The organization's charter describes four purposes for the Foundation, including:
- Promoting and protecting the freedom of speech and of the press;
- Protecting the public's right of access to information and materials stored in the nation's libraries;
- Safeguarding libraries' right to disseminate all materials contained in their collections; and
- Supporting libraries and librarians in their defense of First Amendment rights by supplying them with legal counsel or the means to secure it.

===LeRoy C. Merritt Humanitarian Fund===
The LeRoy C. Merritt Humanitarian Fund provides financial assistance to librarians who are:
- "Denied employment rights or discriminated against on the basis of gender, sexual orientation, race, color, creed, religion, age, disability, or place of national origin; or
- Denied employment rights because of defense of intellectual freedom; that is, threatened with loss of employment or discharged because of their stand for the cause of intellectual freedom, including promotion of freedom of the press, freedom of speech, the freedom of librarians to select items for their collections from all the world’s written and recorded information, and defense of privacy rights."
Originally established by the Freedom to Read Foundation in 1970, the Merritt Fund now functions independently, governed by three trustees elected by donors to the fund. The fund's namesake LeRoy C. Merritt participated in the defense and advocacy of intellectual freedom throughout his life in a variety of ways including authoring numerous intellectual freedom and anti-censorship books and articles, editing the ALA's Newsletter on Intellectual Freedom from 1962 to 1970, as the first recipient of the Robert B. Downs Intellectual Freedom Award, and, donating the entirety of the Downs prize to the Freedom to Read Foundation, as the FTRF's first benefactor.

===Intellectual Freedom Manual===
The American Library Association's Office for Intellectual Freedom publishes the Intellectual Freedom Manual, now in its ninth edition. Considered an authoritative resource on intellectual freedom for library professionals, it is also of use to members of the public who wish to stay informed of the most recent policies and developments in the field. As well as providing an historical overview of the topic, it is divided into parts which cover key issues such as the Library Bill of Rights, protecting the freedom to read, intellectual freedom and the law, and preserving, protecting and working for intellectual freedom.
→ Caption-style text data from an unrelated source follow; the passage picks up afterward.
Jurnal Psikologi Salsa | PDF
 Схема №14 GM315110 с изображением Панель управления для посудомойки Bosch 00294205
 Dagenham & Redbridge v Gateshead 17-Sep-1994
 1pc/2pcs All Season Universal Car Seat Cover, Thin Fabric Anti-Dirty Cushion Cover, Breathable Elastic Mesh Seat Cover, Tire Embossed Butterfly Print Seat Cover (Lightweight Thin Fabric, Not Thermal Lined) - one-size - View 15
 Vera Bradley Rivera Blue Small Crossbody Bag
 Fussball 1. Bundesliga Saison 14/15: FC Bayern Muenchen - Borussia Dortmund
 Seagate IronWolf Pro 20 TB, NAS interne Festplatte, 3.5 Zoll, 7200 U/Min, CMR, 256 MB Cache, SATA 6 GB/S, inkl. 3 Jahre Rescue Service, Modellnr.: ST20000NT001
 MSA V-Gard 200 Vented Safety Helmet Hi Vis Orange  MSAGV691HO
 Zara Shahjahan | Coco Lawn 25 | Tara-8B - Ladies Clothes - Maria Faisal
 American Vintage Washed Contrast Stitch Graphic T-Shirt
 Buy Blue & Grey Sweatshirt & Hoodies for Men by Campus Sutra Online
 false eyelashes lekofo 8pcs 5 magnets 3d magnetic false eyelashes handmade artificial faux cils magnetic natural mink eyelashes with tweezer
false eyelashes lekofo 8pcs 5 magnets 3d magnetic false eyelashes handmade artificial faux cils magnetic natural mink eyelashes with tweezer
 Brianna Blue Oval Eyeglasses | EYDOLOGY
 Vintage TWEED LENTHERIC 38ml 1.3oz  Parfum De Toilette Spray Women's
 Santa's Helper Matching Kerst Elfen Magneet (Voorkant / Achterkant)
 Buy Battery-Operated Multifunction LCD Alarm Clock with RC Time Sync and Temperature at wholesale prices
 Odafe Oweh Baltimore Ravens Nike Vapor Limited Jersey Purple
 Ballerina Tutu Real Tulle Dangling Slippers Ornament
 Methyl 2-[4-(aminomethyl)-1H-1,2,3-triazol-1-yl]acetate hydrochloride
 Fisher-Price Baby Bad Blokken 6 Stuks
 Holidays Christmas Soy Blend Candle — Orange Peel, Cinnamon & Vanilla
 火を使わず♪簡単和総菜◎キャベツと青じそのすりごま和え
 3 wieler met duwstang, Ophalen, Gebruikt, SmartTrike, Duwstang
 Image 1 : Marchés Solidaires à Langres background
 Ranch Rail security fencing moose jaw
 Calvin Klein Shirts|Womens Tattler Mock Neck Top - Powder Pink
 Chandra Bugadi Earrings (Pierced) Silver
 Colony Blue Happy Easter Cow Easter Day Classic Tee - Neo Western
Expanding on the new addition to the manual is the section on Privacy; an Interpretation of the Library Bill of Rights

===Collaboration between associated organizations===
Many of the entities listed above collaborate with one another and other organizations including:
- Association of American Publishers
- American Booksellers Association
- American Booksellers Association for Free Expression
- Center for Democracy and Technology
- Internet Education Foundation
- Media Coalition
- National Coalition Against Censorship
- PEN American Center
- state and regional First Amendment organizations
- state library association intellectual freedom committees
- intellectual freedom coalitions

==Intellectual Freedom Awards==

===Robert B. Downs Intellectual Freedom Award===
Since 1969, the Graduate School of Library and Information Science (GSLIS) at the University of Illinois annually awards the Robert B. Downs Intellectual Freedom Award. GSLIS faculty named this award for Robert B. Downs on his 25th anniversary as director of the School in honor of his role as a champion for intellectual freedom. Downs, also a former president and vice-president of the ALA, focused his library career working against, and voicing opposition to, literary censorship and authored many books and publications on topics of censorship and intellectual freedom. Awarded to acknowledge individuals or groups who have furthered the cause of intellectual freedom in libraries, the Robert B. Downs Intellectual Freedom Award is "[g]ranted to those who have resisted censorship or efforts to abridge the freedom of individuals to read or view materials of their choice, the award may be in recognition of a particular action or long-term interest in, and dedication to, the cause of intellectual freedom."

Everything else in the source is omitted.